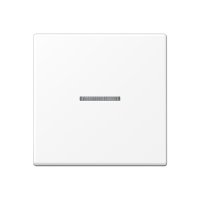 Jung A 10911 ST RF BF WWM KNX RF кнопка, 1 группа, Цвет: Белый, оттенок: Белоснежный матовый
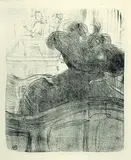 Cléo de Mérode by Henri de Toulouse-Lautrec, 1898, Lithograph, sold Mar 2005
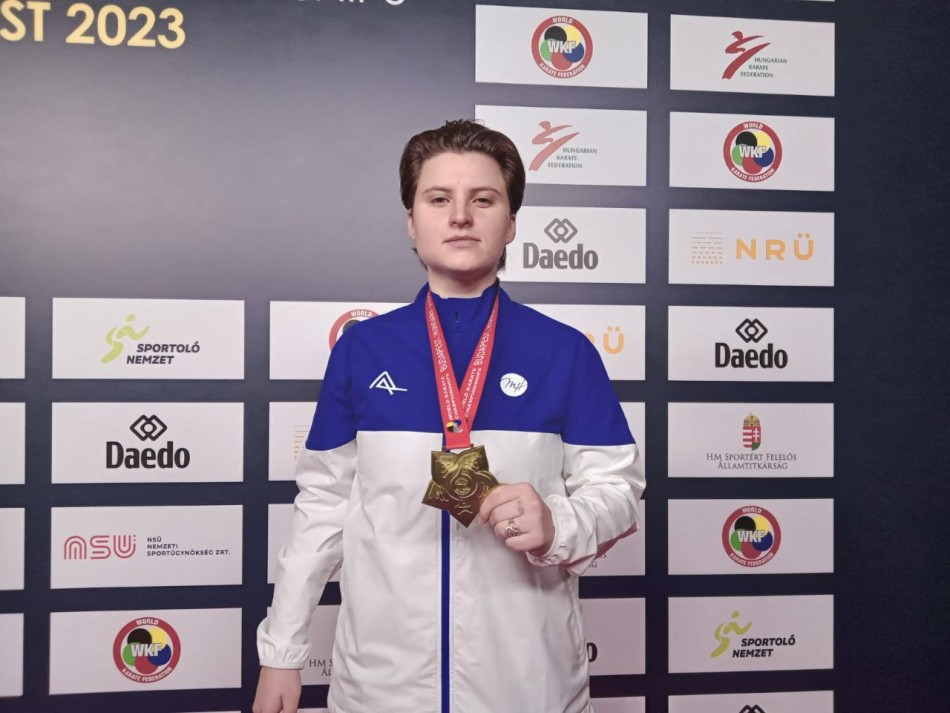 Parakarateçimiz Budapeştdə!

+ + + +

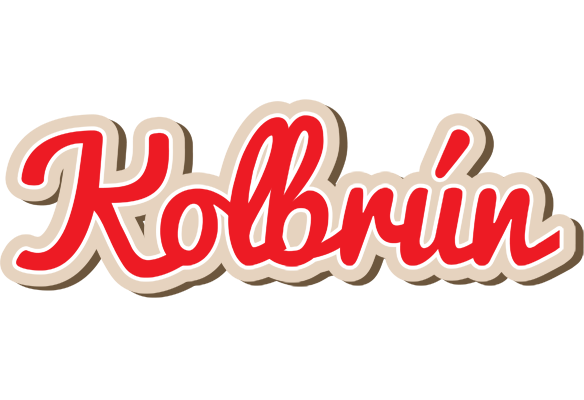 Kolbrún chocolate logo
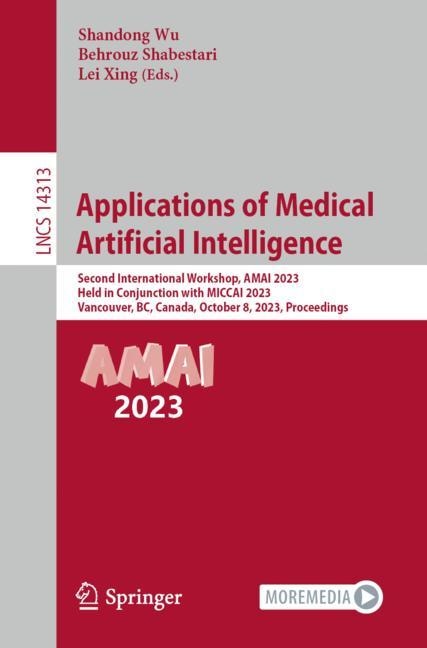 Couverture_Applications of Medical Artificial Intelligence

+ + + +

Directions – Starting at the line above that contains "Jung A 10911", transcribe every line exactly through the line that contains "Parakarateçimiz Budapeştdə!", including that last one, and skip the pictures.

Response area –
 Jung A 10911 ST RF BF WWM KNX RF кнопка, 1 группа, Цвет: Белый, оттенок: Белоснежный матовый
 Cléo de Mérode by Henri de Toulouse-Lautrec, 1898, Lithograph, sold Mar 2005
 Parakarateçimiz Budapeştdə!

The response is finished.